Exercise description: Every record that follows is to be copied exactly, with the pictures omitted.

Records shown:

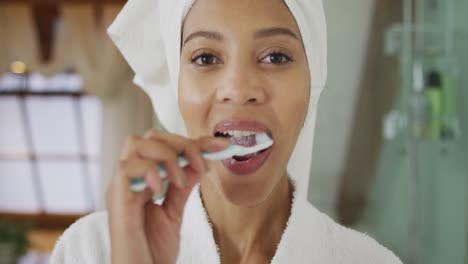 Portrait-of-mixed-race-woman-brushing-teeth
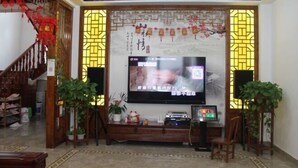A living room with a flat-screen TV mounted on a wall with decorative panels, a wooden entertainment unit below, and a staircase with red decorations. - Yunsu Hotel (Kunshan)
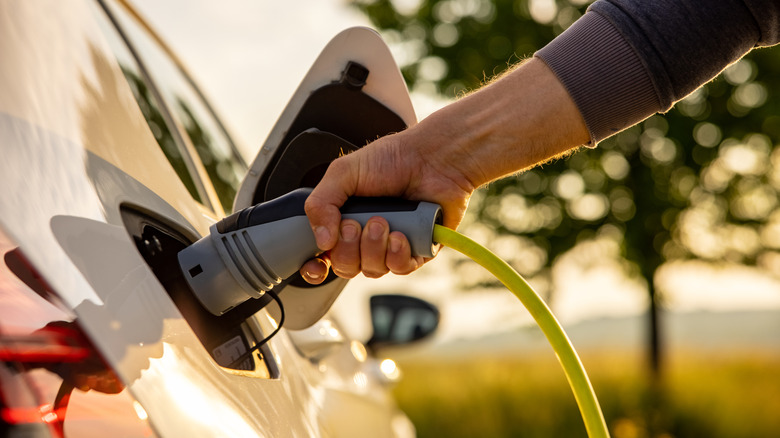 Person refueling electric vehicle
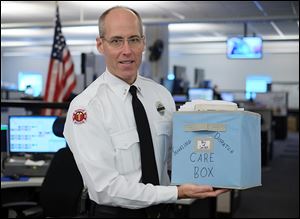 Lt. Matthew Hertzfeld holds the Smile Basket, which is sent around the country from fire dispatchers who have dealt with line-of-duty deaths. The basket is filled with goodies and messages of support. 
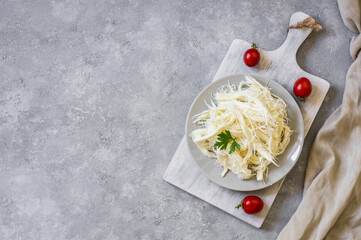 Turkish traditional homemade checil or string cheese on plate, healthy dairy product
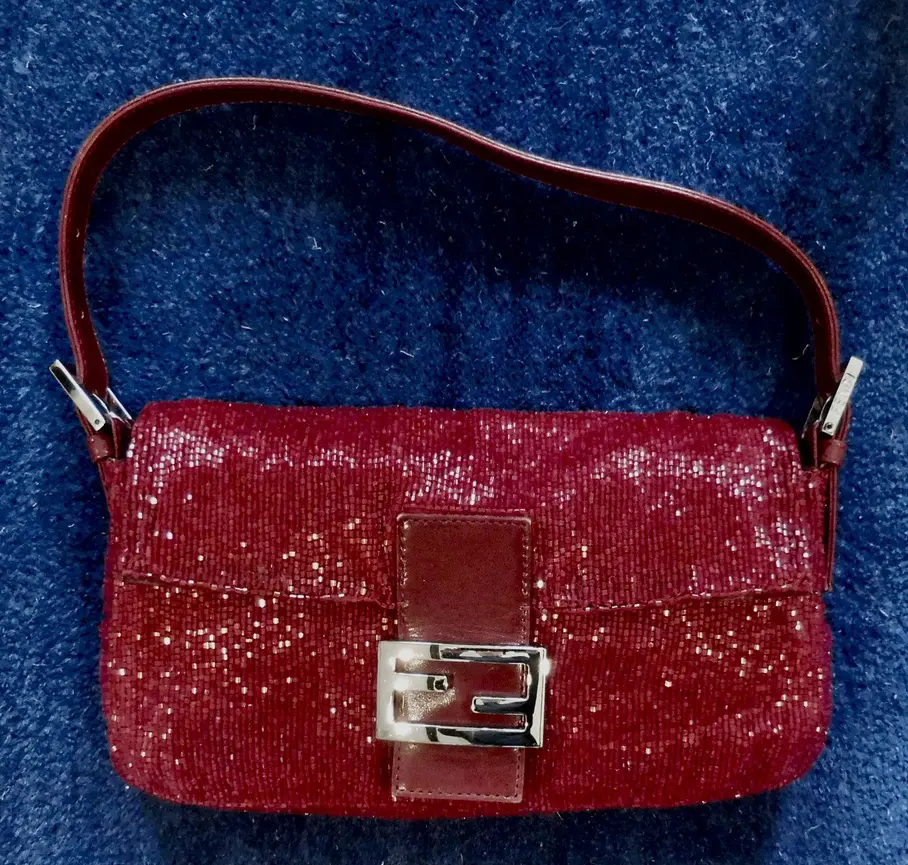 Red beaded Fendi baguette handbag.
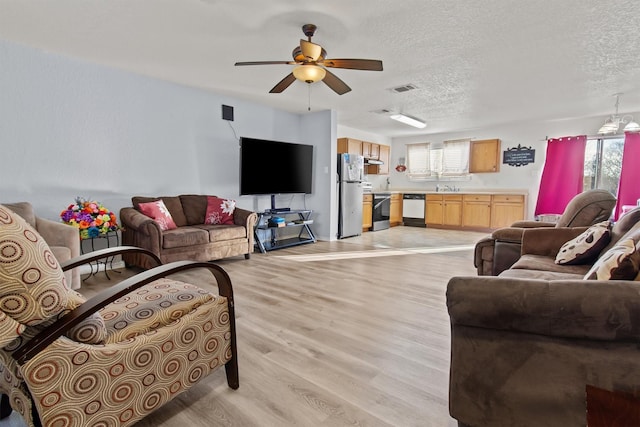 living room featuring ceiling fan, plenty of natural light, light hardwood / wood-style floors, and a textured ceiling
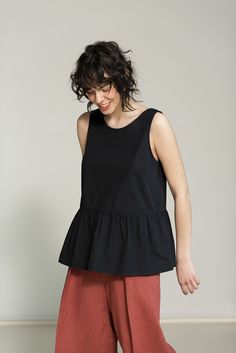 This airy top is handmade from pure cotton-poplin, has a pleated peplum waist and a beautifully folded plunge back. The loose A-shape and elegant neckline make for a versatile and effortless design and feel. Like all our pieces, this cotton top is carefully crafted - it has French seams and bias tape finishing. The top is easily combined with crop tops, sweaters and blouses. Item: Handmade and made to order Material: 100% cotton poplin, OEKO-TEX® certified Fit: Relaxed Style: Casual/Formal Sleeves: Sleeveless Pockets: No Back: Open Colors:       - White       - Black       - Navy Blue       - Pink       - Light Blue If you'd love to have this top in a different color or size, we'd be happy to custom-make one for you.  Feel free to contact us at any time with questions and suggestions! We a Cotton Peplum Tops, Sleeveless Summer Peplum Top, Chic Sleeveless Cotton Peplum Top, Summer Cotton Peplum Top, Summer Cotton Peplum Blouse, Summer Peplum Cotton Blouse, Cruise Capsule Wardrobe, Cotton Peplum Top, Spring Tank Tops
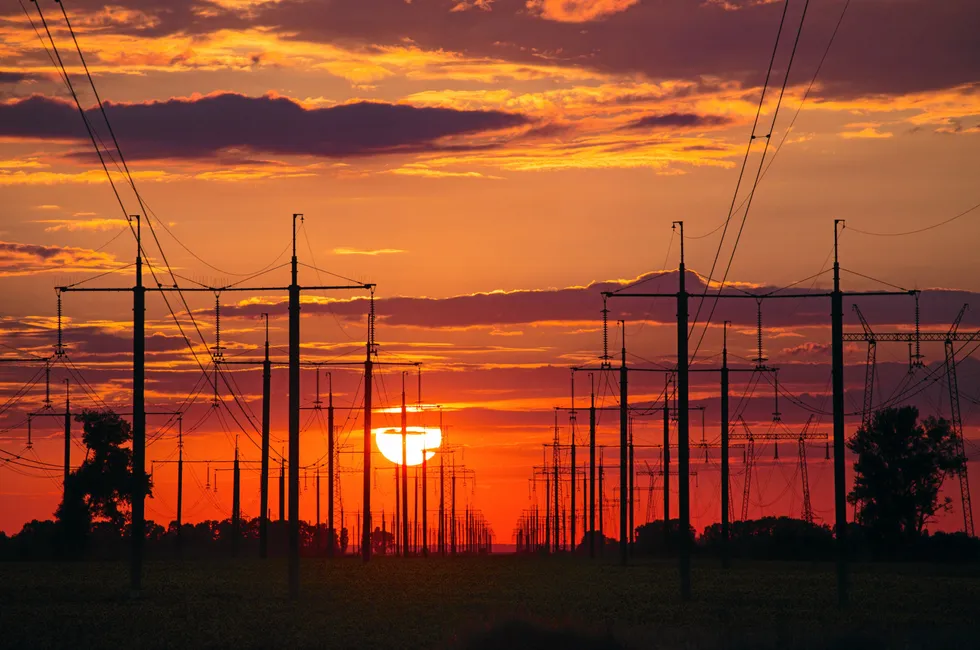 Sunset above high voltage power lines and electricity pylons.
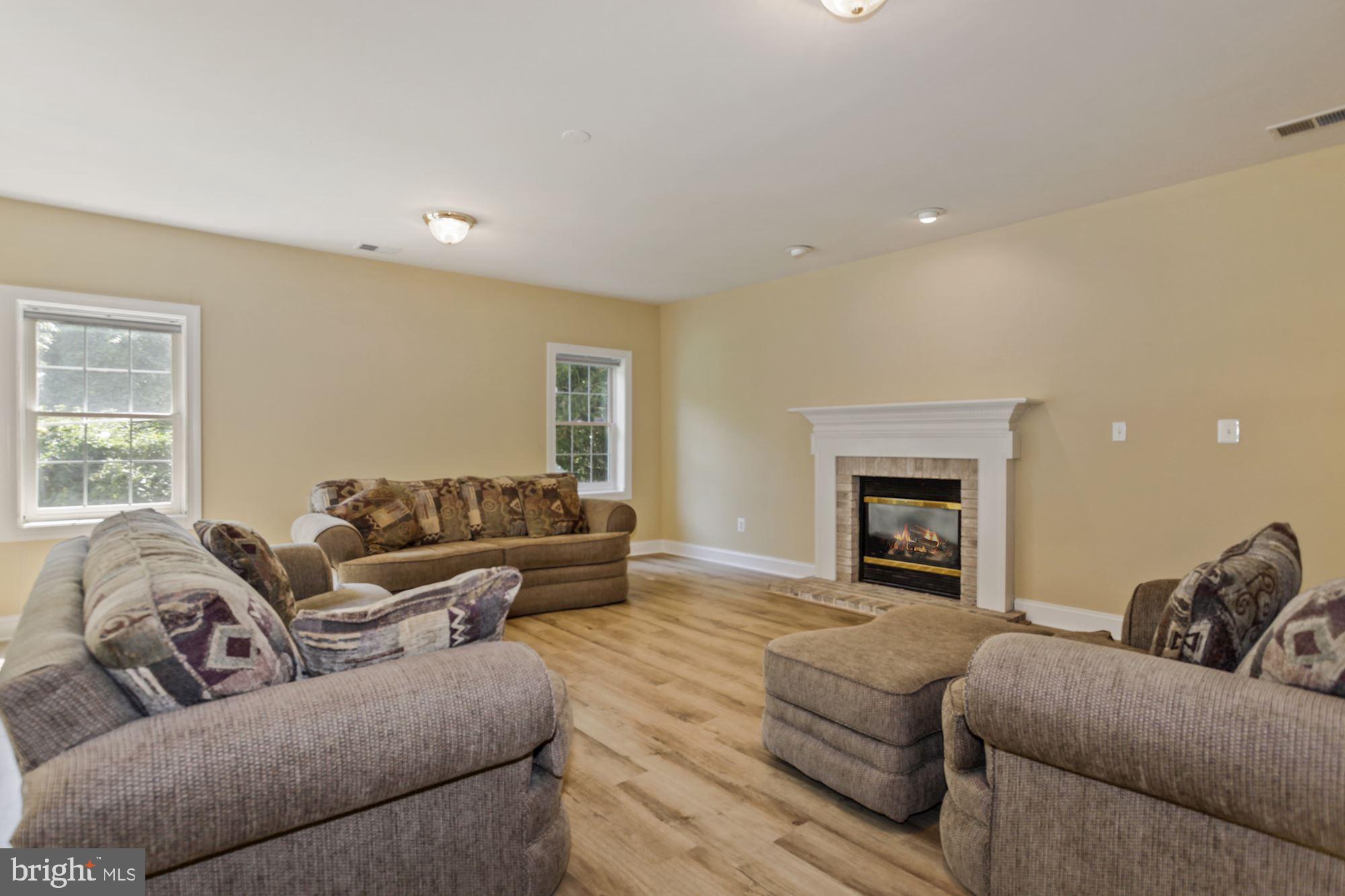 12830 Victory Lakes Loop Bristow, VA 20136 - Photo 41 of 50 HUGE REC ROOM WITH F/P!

Answer space:
 Portrait-of-mixed-race-woman-brushing-teeth
A living room with a flat-screen TV mounted on a wall with decorative panels, a wooden entertainment unit below, and a staircase with red decorations. - Yunsu Hotel (Kunshan)
 Person refueling electric vehicle
 Lt. Matthew Hertzfeld holds the Smile Basket, which is sent around the country from fire dispatchers who have dealt with line-of-duty deaths. The basket is filled with goodies and messages of support. 
 Turkish traditional homemade checil or string cheese on plate, healthy dairy product
 Red beaded Fendi baguette handbag.
 living room featuring ceiling fan, plenty of natural light, light hardwood / wood-style floors, and a textured ceiling
 This airy top is handmade from pure cotton-poplin, has a pleated peplum waist and a beautifully folded plunge back. The loose A-shape and elegant neckline make for a versatile and effortless design and feel. Like all our pieces, this cotton top is carefully crafted - it has French seams and bias tape finishing. The top is easily combined with crop tops, sweaters and blouses. Item: Handmade and made to order Material: 100% cotton poplin, OEKO-TEX® certified Fit: Relaxed Style: Casual/Formal Sleeves: Sleeveless Pockets: No Back: Open Colors:       - White       - Black       - Navy Blue       - Pink       - Light Blue If you'd love to have this top in a different color or size, we'd be happy to custom-make one for you.  Feel free to contact us at any time with questions and suggestions! We a Cotton Peplum Tops, Sleeveless Summer Peplum Top, Chic Sleeveless Cotton Peplum Top, Summer Cotton Peplum Top, Summer Cotton Peplum Blouse, Summer Peplum Cotton Blouse, Cruise Capsule Wardrobe, Cotton Peplum Top, Spring Tank Tops
 Sunset above high voltage power lines and electricity pylons.
 12830 Victory Lakes Loop Bristow, VA 20136 - Photo 41 of 50 HUGE REC ROOM WITH F/P!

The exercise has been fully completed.